L’albergo in cui mi trovo sorge a pochi metri da rue Saint Victor. Alla fine dell’Ottocento i fratelli Lumière vi avevano installato la propria fabbrica. Il 19 marzo 1895 una cinepresa montata di fronte ai cancelli aveva ripreso, per 45 secondi, l’uscita degli operai dallo stabilimento. Proiettato su grande schermo a Parigi nel dicembre dello stesso anno, il cortometraggio entrò nella storia come primo film mai presentato al pubblico. Insomma, mi trovo a Lione, a due passi da qui:
È interessante accostare la sequenza ai lavori successivi di Georges Méliès, trattandosi di due approcci in totale contrapposizione. Mentre i Lumière cercavano di rappresentare la realtà il più fedelmente possibile, Méliès sfruttava il cinematografo per trascendere i limiti imposti dalle leggi naturali e mettere in scena l’impossibile.

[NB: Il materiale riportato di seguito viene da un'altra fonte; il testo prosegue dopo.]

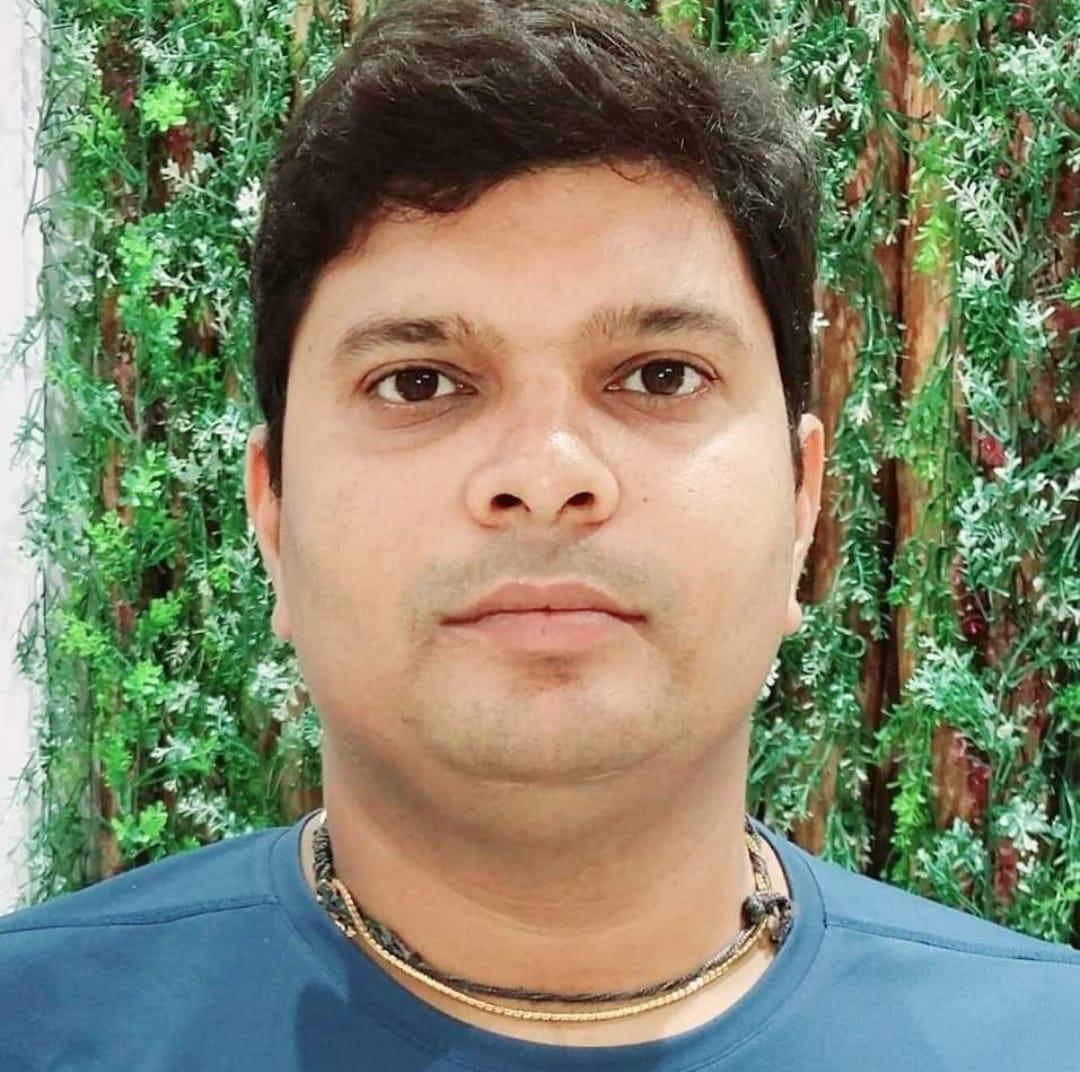 Dr. Dharmendra Pratap Singh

I fratelli lionesi affascinarono gli spettatori della capitale lavorando sull’accuratezza dell’immagine, la ricchezza dei dettagli e la stabilità della proiezione. Avendo un passato da illusionista, Méliès valorizzò il potenziale illusorio dello strumento, giocando con il salto della pellicola per proporre una ricca sequela di effetti magici impossibili da proporre in teatro.
Non a caso l’approccio Lumière – che ricorda quello dei pittori realisti – venne inaugurato con la ripresa di una fabbrica cinematografica: il primo filmato offerto al pubblico era già un dietro-le-quinte autoreferenziale, che mostrava il luogo da cui fisicamente uscivano le pellicole dirette verso i café parigini. Nessun trucco e nessun inganno: solo la rigorosa e distaccata documentazione dell’uscita dal lavoro di quegli stessi operai grazie ai quali la proiezione poteva avvenire. Per i Lumière, la fedeltà delle immagini ritratte rendeva lo strumento prezioso per l’investigazione scientifica. L’aveva intuito due anni prima lo psicologo Alfred Binet, che aveva fatto realizzare una sequenza fotografica del mago Raynaly intento a eseguire alcuni giochi di prestigio – in vista della pubblicazione del saggio “La Psychologie de la Prestidigitation”.
Troverei ozioso chiedermi se preferisco l’approccio Méliès a quello più serioso dei fratelli Lumière: si tratta di linguaggi funzionali a espressioni diverse – e di certo troverei noioso un mondo in cui esistesse l’uno senza l’altro.